BUG: io: close file handles immediately after use, where possible (#1517

)
numpy · Oct 10, 2010 · 8630830 · 8630830
1 parent a16ee31
commit 8630830
Showing 1 changed file with 125 additions and 72 deletions.
diff --git a/numpy/lib/npyio.py b/numpy/lib/npyio.py
@@ -142,6 +142,9 @@ class NpzFile(object):
     fid : file or str
         The zipped archive to open. This is either a file-like object
         or a string containing the path to the archive.
+    own_fid : bool, optional
+        Whether NpzFile should close the file handle.

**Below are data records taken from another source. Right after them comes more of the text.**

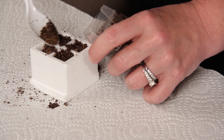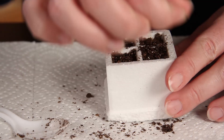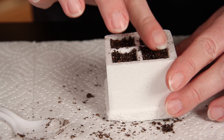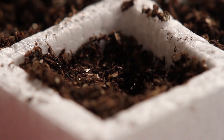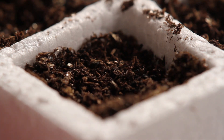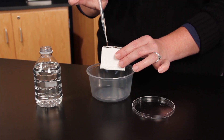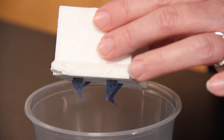Make shallow depressions at the top of each cell. Make sure not to press hard or compact the soil. Add two to three seeds to each cell. Cover the seeds lightly with soil. Add water to each cell with a pipette until water begins to drip from the wick.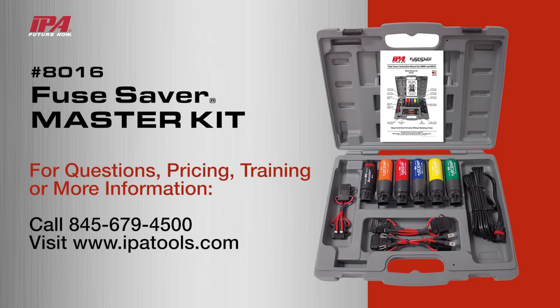Learn more about this and all of IPA's other innovative products at ipatools.com.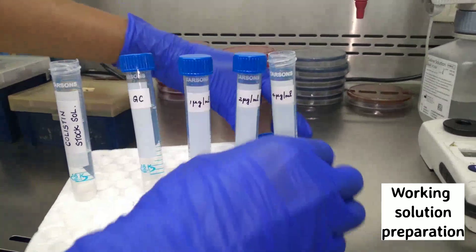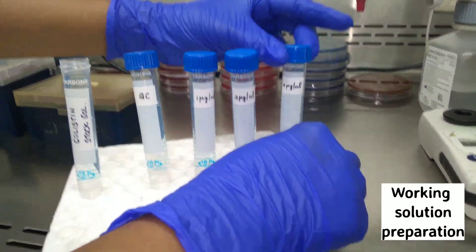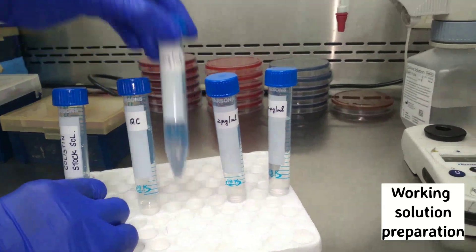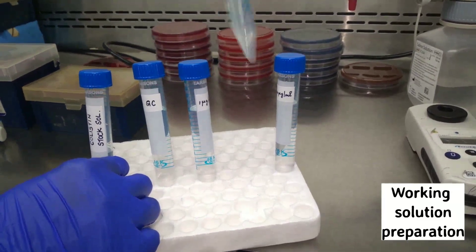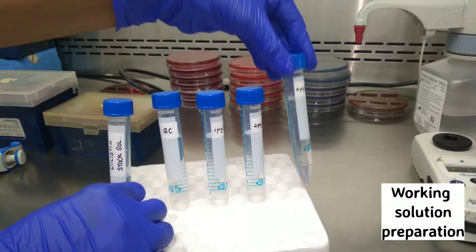Shake all the tubes well so that the colistin stock solution thoroughly mixes with the sterile water. The growth control will not contain colistin, whereas the other tubes will contain colistin in different concentrations.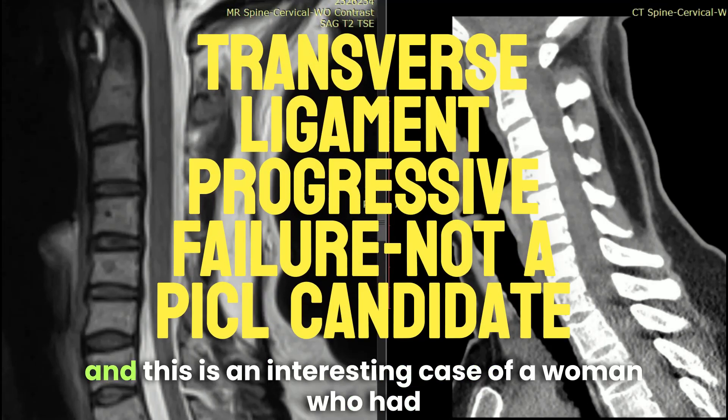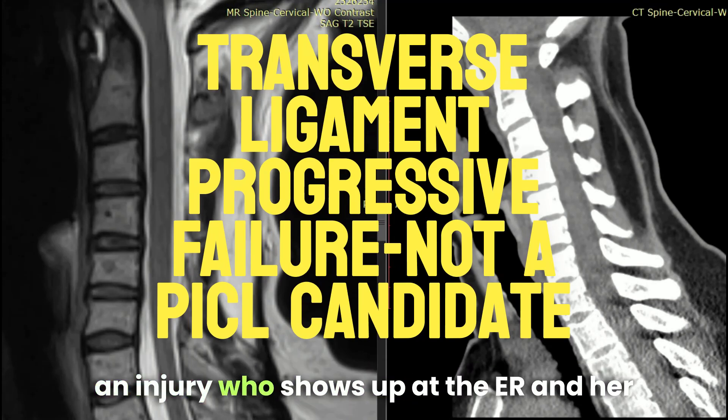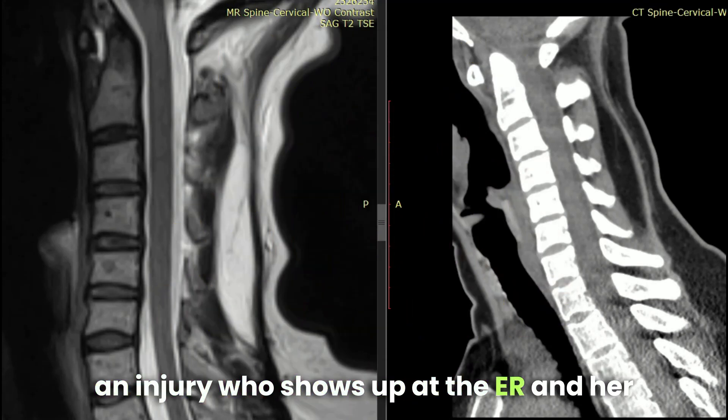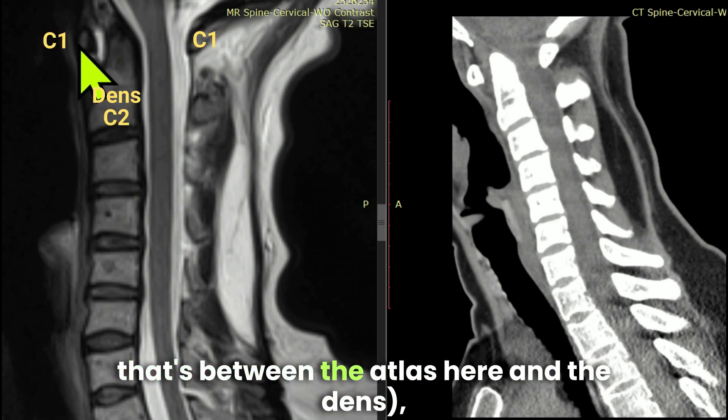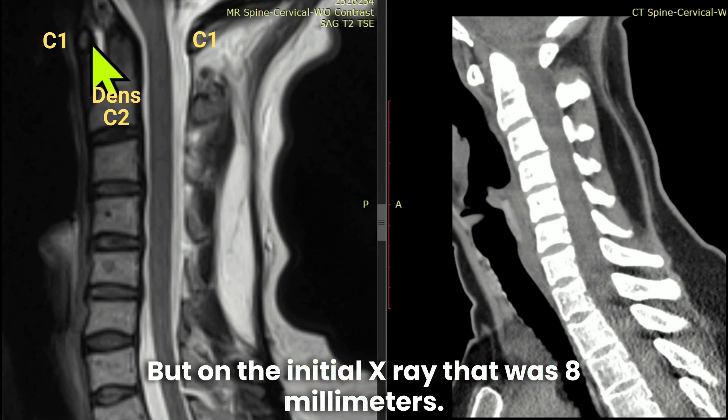Hi, it's Dr. Centeno. This is an interesting case of a woman who had an injury and shows up at the ER. Her atlantodental interspace, or ADI — here the ADI is white — is between the atlas and the dens, and on the initial x-ray that was eight millimeters.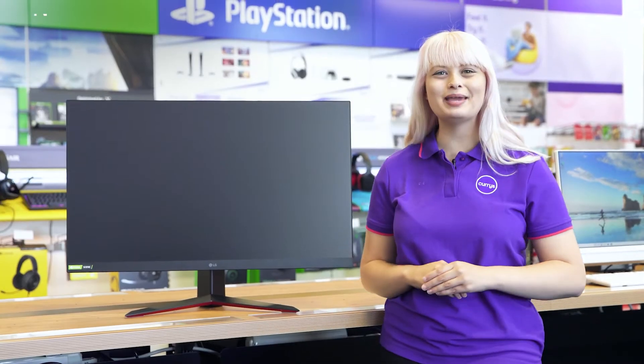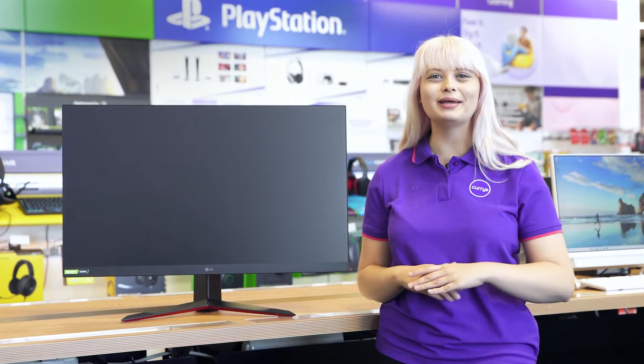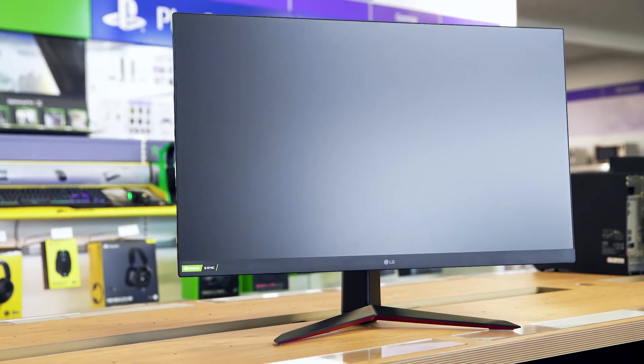Its Nano IPS panel provides every one of your favourite games with a wider colour gamut, helping to make every frame and scene pop with a vivid lifelike colour.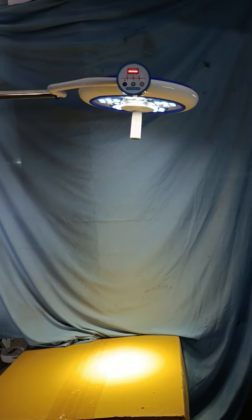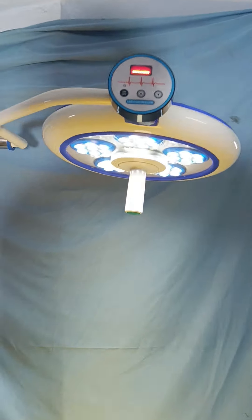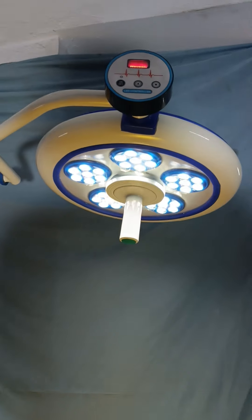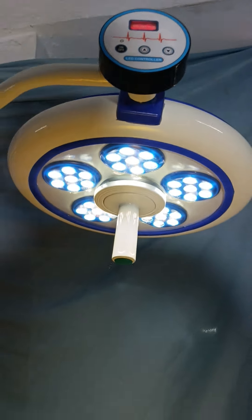This is our HOSPI Eco 35 with 7 LEDs on each single petal, and the total LED count is 35 in this dome, fully covered by safety glass. This is our HOSPI.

+        Requires that `fid` is a file-like object.
 
     Examples
     --------
@@ -163,7 +166,7 @@ class NpzFile(object):
     array([0, 1, 2, 3, 4, 5, 6, 7, 8, 9])
 
     """
-    def __init__(self, fid):
+    def __init__(self, fid, own_fid=False):
         # Import is postponed to here since zipfile depends on gzip, an optional
         # component of the so-called standard library.
         import zipfile
@@ -177,6 +180,25 @@ def __init__(self, fid):
                 self.files.append(x)
         self.zip = _zip
         self.f = BagObj(self)
+        if own_fid:
+            self.fid = fid
+        else:
+            self.fid = None
+
+    def close(self):
+        """
+        Close the file.
+
+        """
+        if self.zip is not None:
+            self.zip.close()
+            self.zip = None
+        if self.fid is not None:
+            self.fid.close()
+            self.fid = None
+
+    def __del__(self):
+        self.close()
 
     def __getitem__(self, key):
         # FIXME: This seems like it will copy strings around
@@ -293,31 +315,39 @@ def load(file, mmap_mode=None):
     """
     import gzip
 
+    own_fid = False
     if isinstance(file, basestring):
         fid = open(file, "rb")
+        own_fid = True
     elif isinstance(file, gzip.GzipFile):
         fid = seek_gzip_factory(file)
+        own_fid = True
     else:
         fid = file
 
-    # Code to distinguish from NumPy binary files and pickles.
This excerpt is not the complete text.